Trying to use SparkSQL to read a JSON file, from either pyspark or spark-shell, I got this error:
java.io.IOException: No input paths specified in job
scala> sqlContext.read.json("/u02/custom/twitter/twitter.json")
java.io.IOException: No input paths specified in job
at org.apache.hadoop.mapred.FileInputFormat.listStatus(FileInputFormat.java:202)
Despite the reference articles that I found using this local path syntax (/u02/custom/twitter/twitter.json
), it turned out that I needed to prefix it with file://
:
scala> sqlContext.read.json("file:///u02/custom/twitter/twitter.json")
res3: org.apache.spark.sql.DataFrame = [@timestamp: string, @version: string, contributors: string, coordinates: string, created_at: string, entities: struct<hashtags:array<struct<indices:array<bigint>,text:string>>,media:array<struct<display_url:string,expanded_url:string,id:bigint,id_str:string,indices:array<bigint>,media_url:string,media_url_https:string,sizes:struct<large:struct<h:bigint,resize:string,w:bigint>,medium:struct<h:bigint,resize:string,w:bigint>,small:struct<h:bigint,resize:string,w:bigint>,thumb:struct<h:bigint,resize:string,w:bigint>>,source_status_id:bigint,source_status_id_str:string,source_user_id:bigint,source_user_id_str:string,type:string,url:string>>,symbols:array<struct<indices:array<bigint>,text:string>>,urls:array<struct<display_url:string,expanded_url:string...
scala>
An alternative to file://
is hdfs://
, assuming you have some data residing there too:
scala> sqlContext.read.json("hdfs:///user/oracle/incoming/twitter/2016/07/12/FlumeData.1468339844123")

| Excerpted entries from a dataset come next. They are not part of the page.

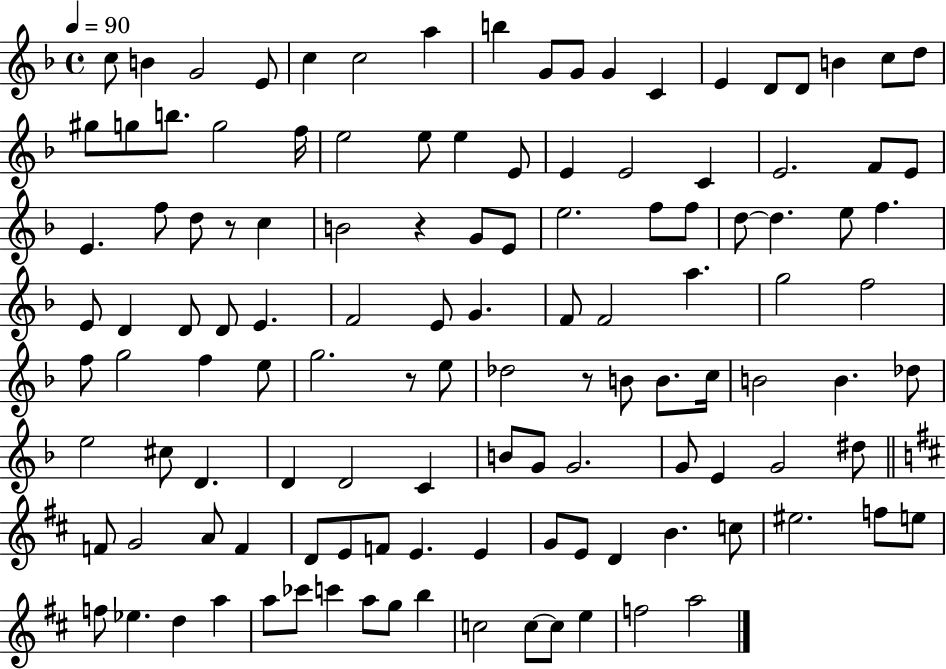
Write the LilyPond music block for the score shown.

{
  \clef treble
  \time 4/4
  \defaultTimeSignature
  \key f \major
  \tempo 4 = 90
  c''8 b'4 g'2 e'8 | c''4 c''2 a''4 | b''4 g'8 g'8 g'4 c'4 | e'4 d'8 d'8 b'4 c''8 d''8 | \break gis''8 g''8 b''8. g''2 f''16 | e''2 e''8 e''4 e'8 | e'4 e'2 c'4 | e'2. f'8 e'8 | \break e'4. f''8 d''8 r8 c''4 | b'2 r4 g'8 e'8 | e''2. f''8 f''8 | d''8~~ d''4. e''8 f''4. | \break e'8 d'4 d'8 d'8 e'4. | f'2 e'8 g'4. | f'8 f'2 a''4. | g''2 f''2 | \break f''8 g''2 f''4 e''8 | g''2. r8 e''8 | des''2 r8 b'8 b'8. c''16 | b'2 b'4. des''8 | \break e''2 cis''8 d'4. | d'4 d'2 c'4 | b'8 g'8 g'2. | g'8 e'4 g'2 dis''8 | \break \bar "||" \break \key d \major f'8 g'2 a'8 f'4 | d'8 e'8 f'8 e'4. e'4 | g'8 e'8 d'4 b'4. c''8 | eis''2. f''8 e''8 | \break f''8 ees''4. d''4 a''4 | a''8 ces'''8 c'''4 a''8 g''8 b''4 | c''2 c''8~~ c''8 e''4 | f''2 a''2 | \break \bar "|."
}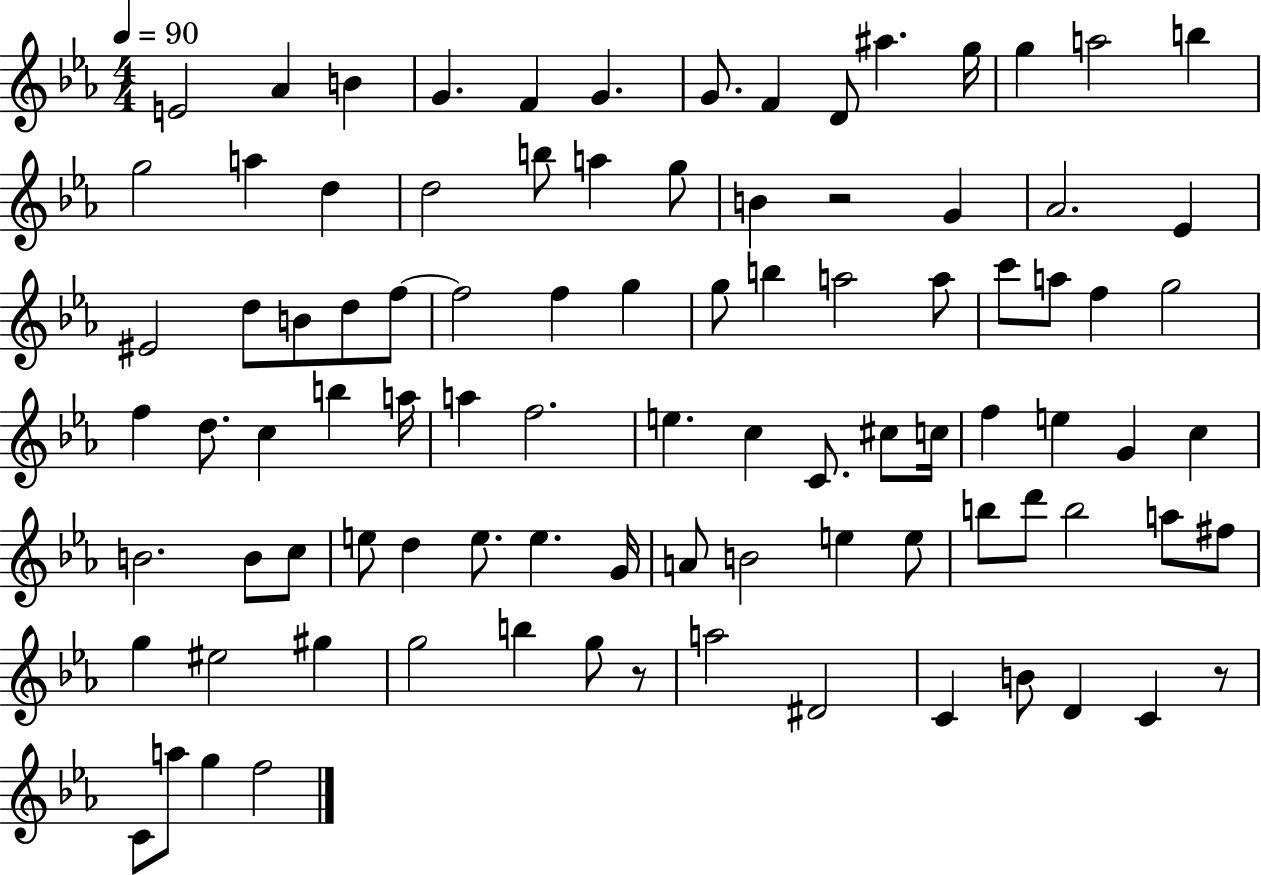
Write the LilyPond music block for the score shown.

{
  \clef treble
  \numericTimeSignature
  \time 4/4
  \key ees \major
  \tempo 4 = 90
  e'2 aes'4 b'4 | g'4. f'4 g'4. | g'8. f'4 d'8 ais''4. g''16 | g''4 a''2 b''4 | \break g''2 a''4 d''4 | d''2 b''8 a''4 g''8 | b'4 r2 g'4 | aes'2. ees'4 | \break eis'2 d''8 b'8 d''8 f''8~~ | f''2 f''4 g''4 | g''8 b''4 a''2 a''8 | c'''8 a''8 f''4 g''2 | \break f''4 d''8. c''4 b''4 a''16 | a''4 f''2. | e''4. c''4 c'8. cis''8 c''16 | f''4 e''4 g'4 c''4 | \break b'2. b'8 c''8 | e''8 d''4 e''8. e''4. g'16 | a'8 b'2 e''4 e''8 | b''8 d'''8 b''2 a''8 fis''8 | \break g''4 eis''2 gis''4 | g''2 b''4 g''8 r8 | a''2 dis'2 | c'4 b'8 d'4 c'4 r8 | \break c'8 a''8 g''4 f''2 | \bar "|."
}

res5: org.apache.spark.sql.DataFrame = [@timestamp: string, @version: string, contributors: string, coordinates: struct<coordinates:array<double>,type:string>, created_at: string, entities: struct<hashtags:array<struct<indices:array<bigint>,text:string>>,media:array<struct<display_url:string,expanded_url:string,id:bigint,id_str:string,indices:array<bigint>,media_url:string,media_url_https:string,sizes:struct<large:struct<h:bigint,resize:string,w:bigint>,medium:struct<h:bigint,resize:string,w:bigint>,small:struct<h:bigint,resize:string,w:bigint>,thumb:struct<h:bigint,resize:string,w:bigint>>,source_status_id:bigint,source_status_id_str:string,source_user_id:bigint,source_user_id_str:string,type:string,url:string>>,symbols:array<struct<indices:array<bigint>,text:string>>,urls:array<struct...